Multi-Objective Covariance Matrix Adaptation MAP-Annealing
Shihan Zhao, Stefanos Nikolaidis
TL;DR
MO-CMA-MAE introduces a CMA-ES-based MOQD algorithm that optimizes Hypervolume Improvement within thresholded cell fronts to jointly promote exploration of under-explored measure-space cells and improvement of discovered Pareto Sets. By coupling CMA-ES with a threshold-annealing mechanism, the method maintains a dynamic trade-off between exploring new cells and refining existing ones, achieving superior MOQD-scores and broader archive coverage in several domains, including Overcooked map generation. The approach outperforms baselines such as MOME, NSGA-II, SMS-EMOA, and COMO-CMA-ES on multiple tasks and demonstrates strong performance even in 3-objective variants, while highlighting the computational cost of exact hypervolume calculations as a limitation and a direction for future work.
Abstract
Quality-Diversity (QD) optimization is an emerging field that focuses on finding a set of behaviorally diverse and high-quality solutions.
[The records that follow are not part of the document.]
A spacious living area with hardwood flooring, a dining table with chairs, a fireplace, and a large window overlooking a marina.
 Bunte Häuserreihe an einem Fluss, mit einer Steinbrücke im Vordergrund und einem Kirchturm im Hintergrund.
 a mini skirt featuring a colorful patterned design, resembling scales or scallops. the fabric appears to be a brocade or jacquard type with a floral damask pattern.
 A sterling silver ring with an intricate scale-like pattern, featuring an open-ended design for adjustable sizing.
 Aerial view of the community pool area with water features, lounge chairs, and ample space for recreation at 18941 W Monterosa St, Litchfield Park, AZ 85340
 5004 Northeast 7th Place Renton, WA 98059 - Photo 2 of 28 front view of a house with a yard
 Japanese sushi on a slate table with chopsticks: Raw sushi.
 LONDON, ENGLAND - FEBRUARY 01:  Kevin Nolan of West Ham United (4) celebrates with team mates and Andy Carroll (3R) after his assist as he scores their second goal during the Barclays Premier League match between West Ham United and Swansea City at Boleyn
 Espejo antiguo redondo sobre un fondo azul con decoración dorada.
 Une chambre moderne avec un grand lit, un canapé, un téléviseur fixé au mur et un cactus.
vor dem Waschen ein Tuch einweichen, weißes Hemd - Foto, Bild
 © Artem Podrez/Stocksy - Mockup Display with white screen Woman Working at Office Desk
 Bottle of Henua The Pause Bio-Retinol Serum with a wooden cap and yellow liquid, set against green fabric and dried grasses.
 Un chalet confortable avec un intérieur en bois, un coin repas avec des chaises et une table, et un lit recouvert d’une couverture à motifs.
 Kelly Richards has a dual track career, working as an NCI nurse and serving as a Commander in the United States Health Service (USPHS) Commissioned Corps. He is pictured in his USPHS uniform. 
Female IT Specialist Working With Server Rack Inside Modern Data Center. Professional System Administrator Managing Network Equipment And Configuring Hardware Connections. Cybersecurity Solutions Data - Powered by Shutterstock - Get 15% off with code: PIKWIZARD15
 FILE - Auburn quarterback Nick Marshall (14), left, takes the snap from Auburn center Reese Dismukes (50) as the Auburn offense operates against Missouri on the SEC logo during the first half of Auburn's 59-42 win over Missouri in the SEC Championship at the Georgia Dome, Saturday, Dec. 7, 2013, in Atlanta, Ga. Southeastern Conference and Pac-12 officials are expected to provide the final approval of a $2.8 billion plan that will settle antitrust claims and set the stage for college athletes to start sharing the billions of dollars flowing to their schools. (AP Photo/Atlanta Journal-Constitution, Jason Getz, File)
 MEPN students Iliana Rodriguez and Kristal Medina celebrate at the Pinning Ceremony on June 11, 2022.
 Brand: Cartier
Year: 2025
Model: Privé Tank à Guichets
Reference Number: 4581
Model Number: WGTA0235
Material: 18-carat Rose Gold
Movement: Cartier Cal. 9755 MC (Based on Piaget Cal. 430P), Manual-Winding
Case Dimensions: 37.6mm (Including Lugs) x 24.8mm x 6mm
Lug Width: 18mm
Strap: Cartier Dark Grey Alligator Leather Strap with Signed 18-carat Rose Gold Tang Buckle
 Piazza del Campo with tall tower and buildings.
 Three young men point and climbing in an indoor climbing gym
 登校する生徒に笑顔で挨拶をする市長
While the quality is typically defined w.r.t. a single objective function, recent work on Multi-Objective Quality-Diversity (MOQD) extends QD optimization to simultaneously optimize multiple objective functions. This opens up multi-objective applications for QD, such as generating a diverse set of game maps that maximize difficulty, realism, or other properties. Existing MOQD algorithms use non-adaptive methods such as mutation and crossover to search for non-dominated solutions and construct an archive of Pareto Sets (PS). However, recent work in QD has demonstrated enhanced performance through the use of covariance-based evolution strategies for adaptive solution search. We propose bringing this insight into the MOQD problem, and introduce MO-CMA-MAE, a new MOQD algorithm that leverages Covariance Matrix Adaptation-Evolution Strategies (CMA-ES) to optimize the hypervolume associated with every PS within the archive. We test MO-CMA-MAE on three MOQD domains, and for generating maps of a co-operative video game, showing significant improvements in performance.